Positron Emission Tomography (PET) is a medical imaging technique which is commonly used to map out metabolic activity in the body. Typically, a $\beta^+$-emitting (positron-emitting) radionuclide (such as ${}^{18}\textrm{F}$) attached to a glucose molecule is injected into the body where it is taken up by tissues in proportion to their metabolic activity. Positrons produced by the decay of the radionuclide usually travel less than 1 mm in human tissue before they bind with an electron, and quickly annihilate. Most of the positron-electron annihilations result in the emission of a back-to-back pair of 511 keV photons. These photon pairs leave the body and can be detected. Areas of the body where there is high metabolic activity – such as cancer cells or active regions in the brain – will be more intense emitters of these 511 keV photon pairs. In a PET scanner, arrays of scintillator+PMT detectors are used to measure the intensity of this radiation along well defined planes (referred to as slices) passing through the patient's body. Tomography is the process of reconstructing a three-dimensional image of positron emission intensity from these slices.

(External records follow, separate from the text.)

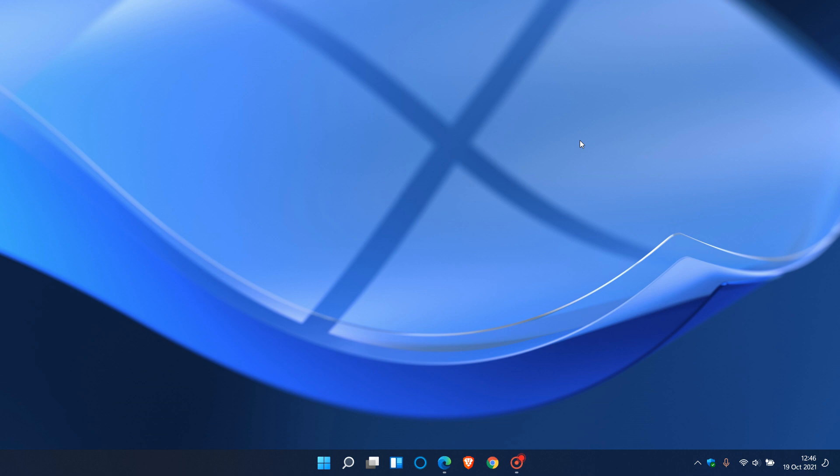Hi, Brent Tech here, where tech is made simple. Just a quick video to let you know that recently Microsoft has made two brand new official Windows 11 wallpapers available for you to download and try out.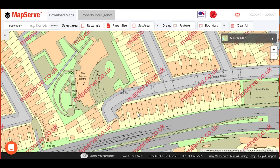Welcome to this Mapsurf video tutorial, where I'll briefly show you how to order mapping from Mapsurf. To start with, you need to search for the location that you want. You can do that from the homepage or using the search box at the top left, as shown here.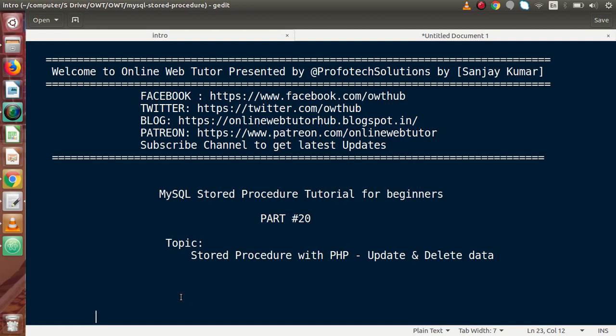Hello guys, welcome to Online Web Tutor presented by Profotech Sessions team. I am Sanjay. We are learning MySQL Stored Procedure tutorial for beginners. This is our part number 20. Inside this video session, we will discuss about Stored Procedure with PHP, and inside this, we will see about update and delete data by using our MySQL Stored Procedure. In the last video, we had seen about the insert data by using our MySQL Stored Procedure.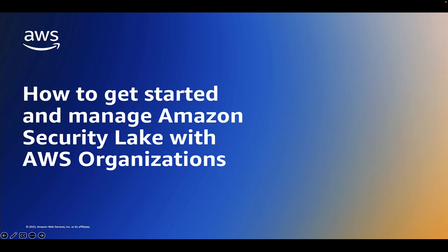Hello everyone. In this video, I'm going to show you how easy it is to get started with Amazon Security Lake by enabling Amazon Security Lake in an AWS organization.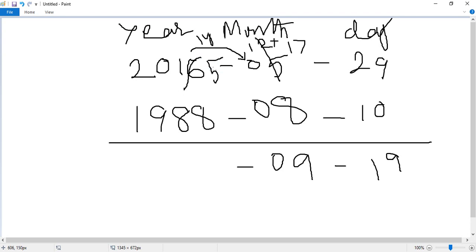That means 15 years. In the ones place we have 5, and we can't subtract 8 from 5, so we go to the tens place and take 10. Now 10 plus 5 equals 15, and 15 minus 8 equals 7.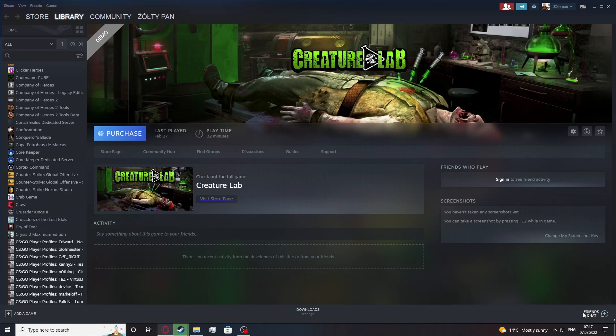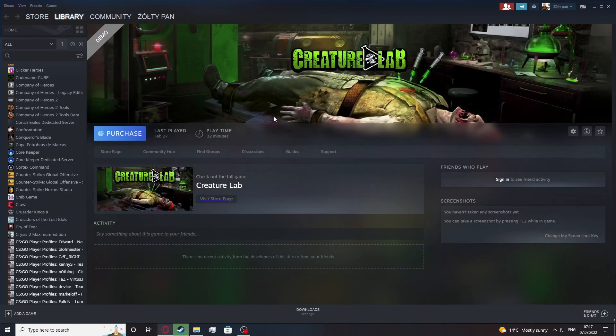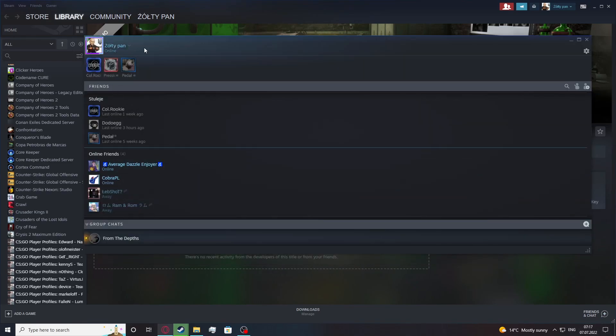The first method is when you're just offline on your friends list. Simply select your friends list, then select sign in and you'll be back online.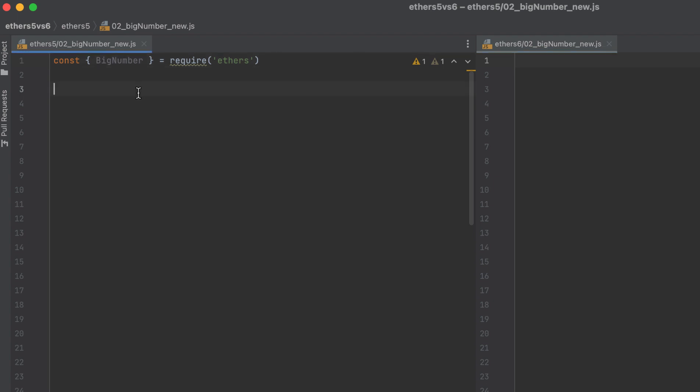So where in Ethers 5 you would initialize a big number like this, in Ethers 6 you can do this, or you can do this.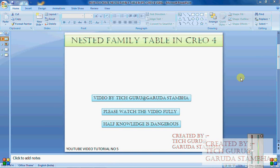Hi guys, this is Tech Guru and welcome back to my another tutorial on CREO family table. This tutorial will be on nested family table, so we'll study what is nested family table or multi-level family table in CREO.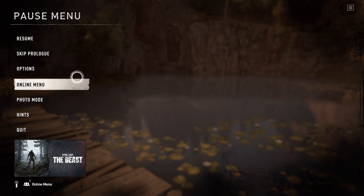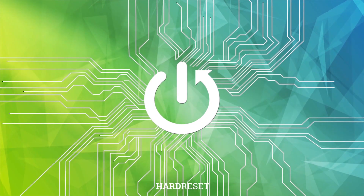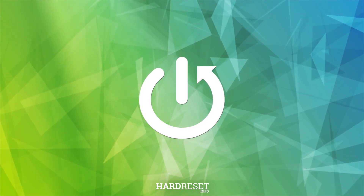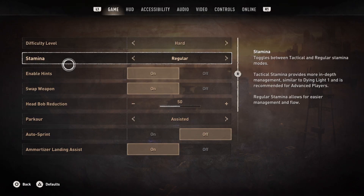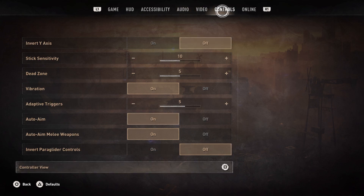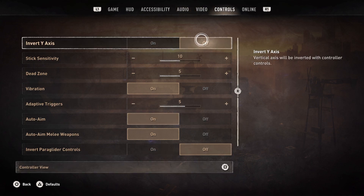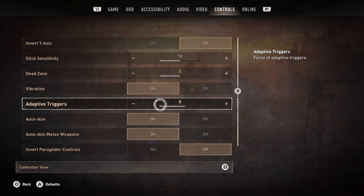I'm going to show you how to adjust your adaptive triggers in Dying Light 2. The first thing you're going to do is go to Options, then go to Controls, and you will see the Adaptive Triggers option. You can change it to whatever you want.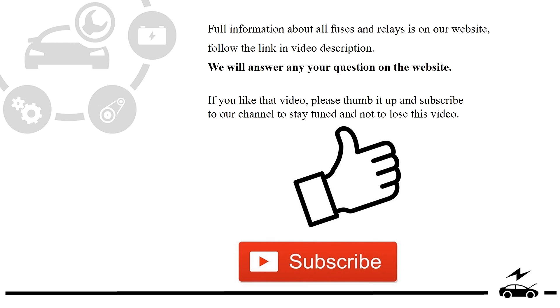If you liked that video, please thumb it up and subscribe to our channel to stay tuned and not to lose this video.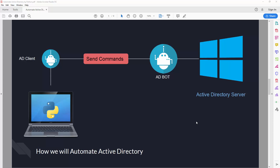Hello friends, welcome to this automation of Active Directory series. Our concept is simple: we need to create two Python files — one is the Active Directory client and one is the Active Directory bot. The bot will execute commands on our Windows server, and the Active Directory client will send commands.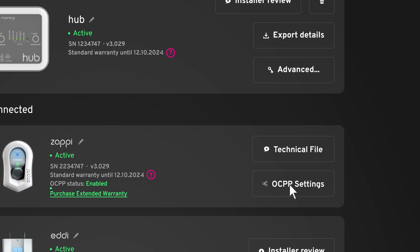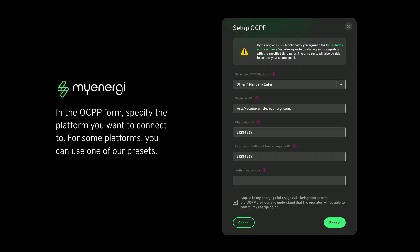Click on OCPP. If you don't see the OCPP option, it's likely that your charger's firmware needs to be updated. Please update the firmware before proceeding.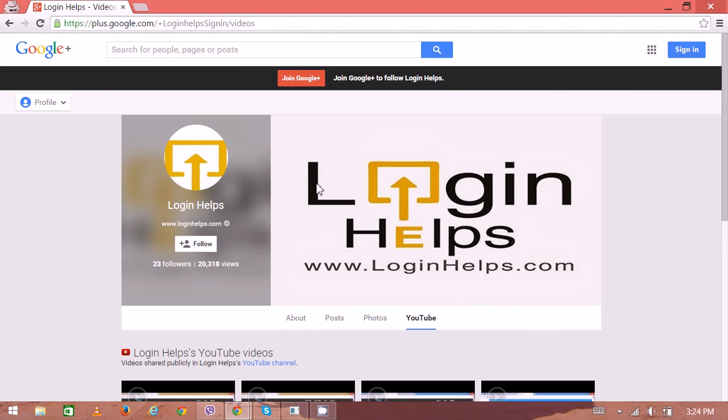Hello there. Welcome to Login Helps. Today we're going to learn how to recover your IRCTC password or your login ID. It's Indian Railway Catering and Tourism Corporation.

In this experiment, you will use PET to create a two-dimensional image of a sample box containing several positron sources of unknown strength at unknown locations.
(source: Wikipedia) |
In this experiment you will use positron emission tomography to identify the positions and relative intensities of two unknown positron emitters inside a sealed box. Specifically, your goals for this experiment include the following:
The last goal here represents a typical use case for PET scanning: a chemical called Fluorodeoxyglucose that contains Fluorine-18 is administered to a patient, which the body treats as regular glucose. Cells with rapid metabolisms (e.g. cancer) take in glucose much more rapidly than other tissues, and thus will end up with higher concentrations of beta-emitting ${}^{18}$F.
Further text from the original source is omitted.